• [Data provided]:
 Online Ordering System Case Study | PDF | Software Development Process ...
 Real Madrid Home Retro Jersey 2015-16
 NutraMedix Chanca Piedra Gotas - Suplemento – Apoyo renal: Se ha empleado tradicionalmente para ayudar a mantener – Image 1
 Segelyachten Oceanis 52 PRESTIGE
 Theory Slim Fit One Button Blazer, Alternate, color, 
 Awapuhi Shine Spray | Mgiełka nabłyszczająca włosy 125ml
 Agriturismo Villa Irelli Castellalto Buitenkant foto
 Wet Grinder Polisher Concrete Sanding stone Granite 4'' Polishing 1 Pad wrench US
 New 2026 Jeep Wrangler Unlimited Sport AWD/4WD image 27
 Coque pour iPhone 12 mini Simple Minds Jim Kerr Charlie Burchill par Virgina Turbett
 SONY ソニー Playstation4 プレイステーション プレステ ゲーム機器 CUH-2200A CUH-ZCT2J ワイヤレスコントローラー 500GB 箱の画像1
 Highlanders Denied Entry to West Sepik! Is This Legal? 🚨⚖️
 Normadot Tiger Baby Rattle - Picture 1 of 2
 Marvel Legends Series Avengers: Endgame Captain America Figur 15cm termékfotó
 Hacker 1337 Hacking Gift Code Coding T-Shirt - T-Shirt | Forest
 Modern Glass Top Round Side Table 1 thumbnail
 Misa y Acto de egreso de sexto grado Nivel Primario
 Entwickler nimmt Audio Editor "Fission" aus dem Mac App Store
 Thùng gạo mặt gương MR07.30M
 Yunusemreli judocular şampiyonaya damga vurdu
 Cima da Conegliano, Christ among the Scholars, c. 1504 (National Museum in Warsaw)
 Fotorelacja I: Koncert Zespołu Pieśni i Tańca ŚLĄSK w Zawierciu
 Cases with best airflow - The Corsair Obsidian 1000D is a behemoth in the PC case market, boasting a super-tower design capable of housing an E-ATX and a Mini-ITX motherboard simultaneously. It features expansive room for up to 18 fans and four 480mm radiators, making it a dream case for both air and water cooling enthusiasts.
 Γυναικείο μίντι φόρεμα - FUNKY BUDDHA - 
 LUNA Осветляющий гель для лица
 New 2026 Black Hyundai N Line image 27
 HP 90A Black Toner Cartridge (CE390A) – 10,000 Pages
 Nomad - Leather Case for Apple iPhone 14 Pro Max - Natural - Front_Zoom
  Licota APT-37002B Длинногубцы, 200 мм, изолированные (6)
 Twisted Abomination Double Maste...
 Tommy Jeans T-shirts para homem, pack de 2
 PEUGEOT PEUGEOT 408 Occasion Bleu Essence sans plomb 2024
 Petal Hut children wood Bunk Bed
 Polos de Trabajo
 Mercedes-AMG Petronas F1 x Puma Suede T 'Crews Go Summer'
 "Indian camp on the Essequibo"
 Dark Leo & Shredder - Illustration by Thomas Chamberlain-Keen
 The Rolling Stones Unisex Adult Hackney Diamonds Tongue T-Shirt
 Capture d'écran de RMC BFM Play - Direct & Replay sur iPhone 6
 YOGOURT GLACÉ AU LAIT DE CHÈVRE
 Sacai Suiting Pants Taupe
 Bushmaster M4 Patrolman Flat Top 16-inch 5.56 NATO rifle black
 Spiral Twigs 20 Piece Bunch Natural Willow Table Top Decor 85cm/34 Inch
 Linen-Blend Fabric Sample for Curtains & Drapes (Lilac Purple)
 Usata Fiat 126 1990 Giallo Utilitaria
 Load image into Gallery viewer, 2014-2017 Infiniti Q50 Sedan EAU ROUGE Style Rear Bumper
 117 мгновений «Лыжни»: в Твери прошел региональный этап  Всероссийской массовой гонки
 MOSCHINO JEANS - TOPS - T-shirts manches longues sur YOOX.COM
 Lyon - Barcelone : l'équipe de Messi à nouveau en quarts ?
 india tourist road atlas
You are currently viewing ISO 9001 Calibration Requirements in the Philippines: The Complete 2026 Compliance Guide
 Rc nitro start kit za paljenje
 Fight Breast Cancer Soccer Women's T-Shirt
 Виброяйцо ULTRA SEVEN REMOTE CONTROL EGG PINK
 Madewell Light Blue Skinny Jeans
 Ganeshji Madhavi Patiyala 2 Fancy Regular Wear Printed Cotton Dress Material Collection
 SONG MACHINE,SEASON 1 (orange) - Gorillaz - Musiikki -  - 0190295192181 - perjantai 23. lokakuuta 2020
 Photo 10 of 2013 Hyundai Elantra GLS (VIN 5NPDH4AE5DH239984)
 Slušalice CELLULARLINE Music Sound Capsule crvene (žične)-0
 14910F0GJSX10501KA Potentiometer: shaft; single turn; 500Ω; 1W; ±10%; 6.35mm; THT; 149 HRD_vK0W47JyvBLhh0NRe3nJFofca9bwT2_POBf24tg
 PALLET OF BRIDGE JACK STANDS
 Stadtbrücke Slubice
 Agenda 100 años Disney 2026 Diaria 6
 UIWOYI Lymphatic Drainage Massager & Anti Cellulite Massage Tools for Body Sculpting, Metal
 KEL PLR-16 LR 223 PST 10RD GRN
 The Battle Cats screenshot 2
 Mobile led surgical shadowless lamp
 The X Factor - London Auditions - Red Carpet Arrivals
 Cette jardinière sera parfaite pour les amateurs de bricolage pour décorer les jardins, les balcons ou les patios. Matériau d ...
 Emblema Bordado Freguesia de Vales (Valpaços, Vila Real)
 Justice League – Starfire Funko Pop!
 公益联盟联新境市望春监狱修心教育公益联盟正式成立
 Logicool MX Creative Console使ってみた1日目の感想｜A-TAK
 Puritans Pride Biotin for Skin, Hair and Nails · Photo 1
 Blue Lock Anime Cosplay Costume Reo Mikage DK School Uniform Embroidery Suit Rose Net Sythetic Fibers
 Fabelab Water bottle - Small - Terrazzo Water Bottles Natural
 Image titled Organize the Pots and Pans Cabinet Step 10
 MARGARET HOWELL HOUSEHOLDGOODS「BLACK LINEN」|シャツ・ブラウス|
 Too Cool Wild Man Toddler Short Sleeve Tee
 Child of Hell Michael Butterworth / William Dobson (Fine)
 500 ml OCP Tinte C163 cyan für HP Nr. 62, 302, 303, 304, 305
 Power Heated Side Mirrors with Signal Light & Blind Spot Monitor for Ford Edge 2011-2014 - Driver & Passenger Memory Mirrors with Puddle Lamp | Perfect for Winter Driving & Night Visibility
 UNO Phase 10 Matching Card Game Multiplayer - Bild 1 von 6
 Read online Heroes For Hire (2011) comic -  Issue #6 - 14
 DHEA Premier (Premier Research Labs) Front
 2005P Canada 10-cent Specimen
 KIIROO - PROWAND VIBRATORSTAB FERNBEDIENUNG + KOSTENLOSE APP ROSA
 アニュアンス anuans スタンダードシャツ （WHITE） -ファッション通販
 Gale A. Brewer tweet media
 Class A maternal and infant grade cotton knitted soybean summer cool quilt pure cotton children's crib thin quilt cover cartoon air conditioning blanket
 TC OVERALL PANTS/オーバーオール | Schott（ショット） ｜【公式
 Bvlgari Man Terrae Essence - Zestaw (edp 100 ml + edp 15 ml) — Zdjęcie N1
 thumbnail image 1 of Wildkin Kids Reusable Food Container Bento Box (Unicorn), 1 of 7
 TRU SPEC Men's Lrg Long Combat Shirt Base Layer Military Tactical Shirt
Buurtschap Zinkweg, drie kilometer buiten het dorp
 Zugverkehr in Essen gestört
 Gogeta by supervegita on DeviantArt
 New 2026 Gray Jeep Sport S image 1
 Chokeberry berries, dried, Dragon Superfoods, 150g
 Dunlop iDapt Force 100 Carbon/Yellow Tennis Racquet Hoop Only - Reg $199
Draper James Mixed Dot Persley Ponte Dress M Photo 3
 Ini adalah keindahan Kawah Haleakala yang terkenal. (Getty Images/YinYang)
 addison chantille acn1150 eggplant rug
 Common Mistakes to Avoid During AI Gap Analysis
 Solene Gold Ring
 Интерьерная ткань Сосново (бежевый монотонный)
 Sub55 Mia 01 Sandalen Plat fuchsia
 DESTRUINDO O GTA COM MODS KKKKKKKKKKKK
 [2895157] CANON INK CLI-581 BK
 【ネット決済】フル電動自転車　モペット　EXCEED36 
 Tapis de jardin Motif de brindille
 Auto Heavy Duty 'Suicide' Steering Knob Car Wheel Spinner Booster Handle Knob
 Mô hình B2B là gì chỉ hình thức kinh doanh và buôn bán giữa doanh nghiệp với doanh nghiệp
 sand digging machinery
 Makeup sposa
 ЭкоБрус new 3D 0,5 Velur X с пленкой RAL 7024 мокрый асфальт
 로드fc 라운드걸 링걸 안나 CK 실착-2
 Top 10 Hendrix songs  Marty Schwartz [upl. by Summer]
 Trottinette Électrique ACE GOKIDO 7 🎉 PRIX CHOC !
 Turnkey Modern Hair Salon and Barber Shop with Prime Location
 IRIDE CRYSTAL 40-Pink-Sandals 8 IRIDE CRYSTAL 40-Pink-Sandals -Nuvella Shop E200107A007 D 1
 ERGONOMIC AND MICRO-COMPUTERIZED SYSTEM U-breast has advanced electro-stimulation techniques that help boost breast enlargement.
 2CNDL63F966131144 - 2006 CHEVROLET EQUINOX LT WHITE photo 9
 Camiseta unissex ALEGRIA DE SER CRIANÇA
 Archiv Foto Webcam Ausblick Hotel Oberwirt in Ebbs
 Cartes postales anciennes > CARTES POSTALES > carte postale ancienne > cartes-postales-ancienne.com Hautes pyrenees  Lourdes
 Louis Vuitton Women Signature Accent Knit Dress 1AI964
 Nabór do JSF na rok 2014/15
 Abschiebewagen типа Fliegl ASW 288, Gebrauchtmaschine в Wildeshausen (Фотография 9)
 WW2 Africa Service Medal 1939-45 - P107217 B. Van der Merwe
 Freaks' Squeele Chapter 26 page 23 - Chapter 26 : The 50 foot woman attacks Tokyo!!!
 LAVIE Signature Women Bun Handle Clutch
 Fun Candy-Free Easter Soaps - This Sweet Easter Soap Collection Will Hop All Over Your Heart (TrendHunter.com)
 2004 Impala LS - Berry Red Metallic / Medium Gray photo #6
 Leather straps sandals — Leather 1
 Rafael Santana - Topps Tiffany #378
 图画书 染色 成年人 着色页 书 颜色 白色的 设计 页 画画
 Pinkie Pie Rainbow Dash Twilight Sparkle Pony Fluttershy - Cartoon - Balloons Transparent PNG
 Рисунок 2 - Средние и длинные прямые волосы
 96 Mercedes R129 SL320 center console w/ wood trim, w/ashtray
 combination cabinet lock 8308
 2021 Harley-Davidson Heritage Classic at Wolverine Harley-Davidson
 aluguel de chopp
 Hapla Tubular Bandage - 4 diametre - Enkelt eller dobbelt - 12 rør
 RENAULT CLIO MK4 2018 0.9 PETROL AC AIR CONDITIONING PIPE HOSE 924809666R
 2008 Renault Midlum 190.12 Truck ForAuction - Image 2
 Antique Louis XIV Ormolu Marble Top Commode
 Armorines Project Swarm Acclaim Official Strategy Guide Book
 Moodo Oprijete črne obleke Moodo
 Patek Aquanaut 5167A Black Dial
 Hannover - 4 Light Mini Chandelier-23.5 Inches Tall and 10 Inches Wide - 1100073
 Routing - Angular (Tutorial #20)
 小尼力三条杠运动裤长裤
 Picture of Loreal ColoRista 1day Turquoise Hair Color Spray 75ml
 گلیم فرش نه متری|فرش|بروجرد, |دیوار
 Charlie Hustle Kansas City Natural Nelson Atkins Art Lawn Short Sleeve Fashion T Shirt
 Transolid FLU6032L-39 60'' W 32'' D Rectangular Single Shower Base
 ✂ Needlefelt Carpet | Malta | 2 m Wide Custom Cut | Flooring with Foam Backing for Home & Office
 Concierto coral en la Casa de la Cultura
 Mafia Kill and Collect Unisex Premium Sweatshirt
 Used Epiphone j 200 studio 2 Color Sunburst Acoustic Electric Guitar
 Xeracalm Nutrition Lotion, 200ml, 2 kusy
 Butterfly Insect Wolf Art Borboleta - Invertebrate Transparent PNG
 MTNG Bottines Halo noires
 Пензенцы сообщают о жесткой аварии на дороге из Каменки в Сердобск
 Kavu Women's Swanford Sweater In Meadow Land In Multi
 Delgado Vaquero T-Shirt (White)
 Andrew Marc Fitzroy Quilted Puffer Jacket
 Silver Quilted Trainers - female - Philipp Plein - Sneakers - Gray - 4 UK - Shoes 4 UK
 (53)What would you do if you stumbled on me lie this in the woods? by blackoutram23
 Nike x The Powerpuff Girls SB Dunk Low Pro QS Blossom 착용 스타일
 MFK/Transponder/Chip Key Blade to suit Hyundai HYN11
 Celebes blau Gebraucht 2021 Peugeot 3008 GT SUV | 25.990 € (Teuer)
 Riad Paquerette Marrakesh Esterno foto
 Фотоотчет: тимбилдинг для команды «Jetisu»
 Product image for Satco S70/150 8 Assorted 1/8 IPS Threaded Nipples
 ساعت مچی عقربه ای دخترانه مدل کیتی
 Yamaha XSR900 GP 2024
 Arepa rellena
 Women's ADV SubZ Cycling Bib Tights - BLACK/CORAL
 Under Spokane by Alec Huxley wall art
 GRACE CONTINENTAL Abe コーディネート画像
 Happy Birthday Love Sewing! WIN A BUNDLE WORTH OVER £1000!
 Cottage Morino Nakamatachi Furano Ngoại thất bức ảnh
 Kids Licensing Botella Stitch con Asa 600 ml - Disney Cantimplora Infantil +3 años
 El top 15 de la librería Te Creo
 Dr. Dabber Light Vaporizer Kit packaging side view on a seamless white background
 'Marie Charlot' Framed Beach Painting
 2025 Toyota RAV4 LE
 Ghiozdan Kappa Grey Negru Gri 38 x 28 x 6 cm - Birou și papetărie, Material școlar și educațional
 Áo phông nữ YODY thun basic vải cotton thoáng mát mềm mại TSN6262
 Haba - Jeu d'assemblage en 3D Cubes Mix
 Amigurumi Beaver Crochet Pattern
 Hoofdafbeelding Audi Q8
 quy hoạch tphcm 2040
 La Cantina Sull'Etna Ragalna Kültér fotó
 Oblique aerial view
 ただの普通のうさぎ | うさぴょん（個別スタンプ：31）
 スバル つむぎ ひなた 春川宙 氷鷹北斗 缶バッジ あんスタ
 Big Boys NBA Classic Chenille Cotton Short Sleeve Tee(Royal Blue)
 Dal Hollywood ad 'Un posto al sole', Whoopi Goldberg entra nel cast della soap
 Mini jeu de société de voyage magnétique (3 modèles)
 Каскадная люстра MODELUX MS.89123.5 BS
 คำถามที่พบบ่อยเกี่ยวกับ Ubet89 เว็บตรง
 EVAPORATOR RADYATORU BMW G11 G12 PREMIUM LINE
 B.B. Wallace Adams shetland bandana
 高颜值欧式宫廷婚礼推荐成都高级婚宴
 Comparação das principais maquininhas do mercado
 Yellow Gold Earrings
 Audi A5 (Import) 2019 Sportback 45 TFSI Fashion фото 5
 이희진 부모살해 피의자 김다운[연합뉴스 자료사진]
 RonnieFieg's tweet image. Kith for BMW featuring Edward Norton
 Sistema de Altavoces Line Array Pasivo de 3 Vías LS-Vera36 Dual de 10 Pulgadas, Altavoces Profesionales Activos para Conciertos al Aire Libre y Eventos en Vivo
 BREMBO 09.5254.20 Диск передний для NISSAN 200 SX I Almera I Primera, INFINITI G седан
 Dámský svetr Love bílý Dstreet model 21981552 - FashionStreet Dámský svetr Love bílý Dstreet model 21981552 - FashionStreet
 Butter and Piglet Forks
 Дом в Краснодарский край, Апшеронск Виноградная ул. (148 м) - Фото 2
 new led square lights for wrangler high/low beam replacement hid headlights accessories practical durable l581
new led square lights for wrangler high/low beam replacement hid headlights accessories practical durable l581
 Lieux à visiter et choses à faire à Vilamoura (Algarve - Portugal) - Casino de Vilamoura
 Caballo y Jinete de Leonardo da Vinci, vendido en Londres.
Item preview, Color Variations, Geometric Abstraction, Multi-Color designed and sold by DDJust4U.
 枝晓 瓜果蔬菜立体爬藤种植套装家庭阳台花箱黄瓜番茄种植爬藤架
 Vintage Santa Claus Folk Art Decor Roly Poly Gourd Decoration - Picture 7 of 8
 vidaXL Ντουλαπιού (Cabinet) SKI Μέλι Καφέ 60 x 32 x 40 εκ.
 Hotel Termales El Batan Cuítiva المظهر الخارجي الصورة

• [Work task]: What you return must be an exact retyping of the lines above starting at the line with "ساعت مچی عقربه ای دخترانه مدل کیتی" and ending at the line with "Cottage Morino Nakamatachi", and nothing besides.

• [Output of the task]:
 ساعت مچی عقربه ای دخترانه مدل کیتی
 Yamaha XSR900 GP 2024
 Arepa rellena
 Women's ADV SubZ Cycling Bib Tights - BLACK/CORAL
 Under Spokane by Alec Huxley wall art
 GRACE CONTINENTAL Abe コーディネート画像
 Happy Birthday Love Sewing! WIN A BUNDLE WORTH OVER £1000!
 Cottage Morino Nakamatachi Furano Ngoại thất bức ảnh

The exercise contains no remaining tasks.